Wednesday, July 12, 2006

Hegel's (or rather Jim Weirich's) Ruby Dialectic: the synthesis of Design by Contract and Behavior Driven Development

At a great Extreme Programmers User’s Group meeting here in Cincinnati, Ohio, Jim Weirich gave a thought provoking presentation on the experimentation of utilizing the semantics of a Behavior Driven Design (BDD) and the more traditional Design by Contact (DbC) with the Ruby rSpec tool. Having come out of the VB/ASP/COM/.Net world and now working on the J2EE team at US Bank, I appreciate the semantic qualities that various languages possess and more importantly the "idioms" they teach. I agree with the classic Sapir-Whorf hypothesis that the language(s) you use can either aid or hinder your ability to form thoughts and even solve problems.

With that said, the potential of Jim’s experiment with BDD and DbC is rich in its bringing together two divergent methodologies into a potentially better one. The question that the experiment is attempting to answer, from my understanding of the presentation, is can the thesis of DbC and its emphasis on getting the specifications completed upfront, pre and post conditions, and assertions combined with the antithesis of BDD’s executable specifications (a.k.a unit tests in Test Driven Devlopment) and short iterations produce synthesis of the two--a clearly understood contract (or set of contracts) between customer and developer that is the requirement for a short, iterative BDD’s executable specification(s)? Moreover, are there any unanticipated results that will emerge from the experiment that can be immediately useful or spawn more questions? One might state this is similar to an "alchemist experiment to see what comes to the top of the mixture of the two elements."

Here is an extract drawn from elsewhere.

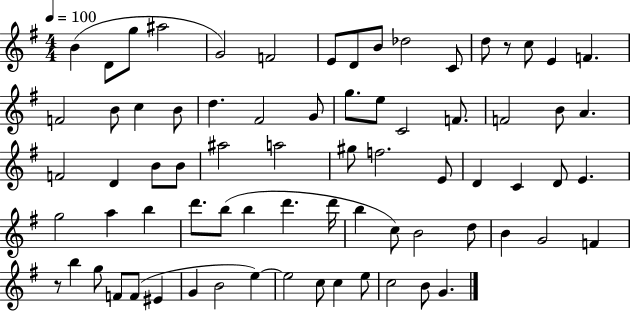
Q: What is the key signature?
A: G major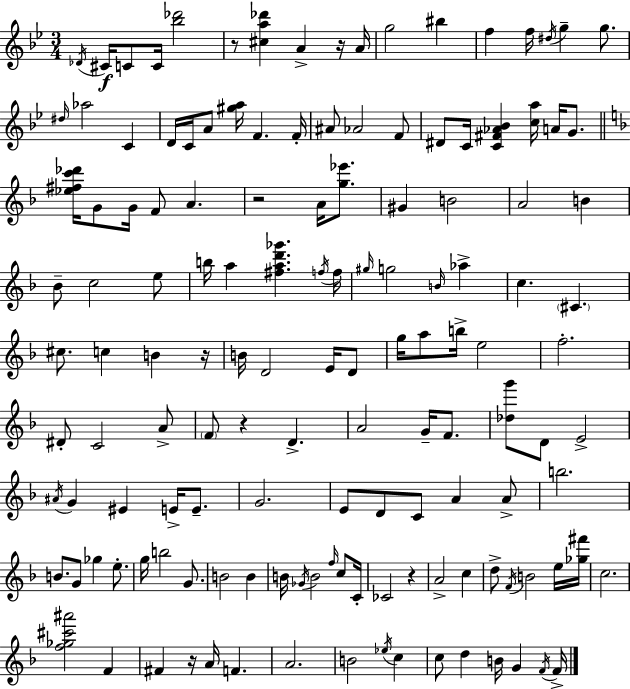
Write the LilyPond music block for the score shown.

In summary, after showing us his Ruby framework to support Design by Contract, Jim explicitly stated that the experiment’s result(s) are not intended to replace Test Driven Development, BDD or DbC. However, in my view, it could produce a client initiated contract that can be solved in a few iterations with BDD. Or, sticking with the previous alchemist analogy, Jim's experiment could provide some proverbial "gold from silver and copper."